Mother Cabrini, founder of the Missionary Sisters of the Sacred Heart of Jesus, traveled from Italy to New York City in 1889 with six of her Sisters, after Pope Leo XIII asked them to serve the burgeoning population of Italian emigrants to the United States. Within weeks of arriving in New York, the Sisters were caring for a small group of orphaned or unsupervised young girls in a donated Fifth Avenue apartment.

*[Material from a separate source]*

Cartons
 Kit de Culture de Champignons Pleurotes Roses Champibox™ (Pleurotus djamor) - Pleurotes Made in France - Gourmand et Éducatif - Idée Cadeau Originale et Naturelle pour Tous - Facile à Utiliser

Realizing that they needed a larger property, with land, to provide for the children, Cabrini purchased a property in rural West Park from the Society of Jesus (Jesuits) to serve as an orphanage for Italian immigrant girls. Because the Missionary Sisters of the Sacred Heart is a begging order, all properties purchased by the Sisters are and were funded through gifts and loans, and not the Catholic Church. The West Park property included a monastery and working farm. Having run their well dry, and believing there to be no water on the grounds, the Jesuits sold the property at a fraction of its worth. Cabrini envisioned digging for a spring that would provide enough water for the fledgling orphanage. Surprisingly, the spring, found just up the hill to the west of the main road, provides water to the campus to this day. [1]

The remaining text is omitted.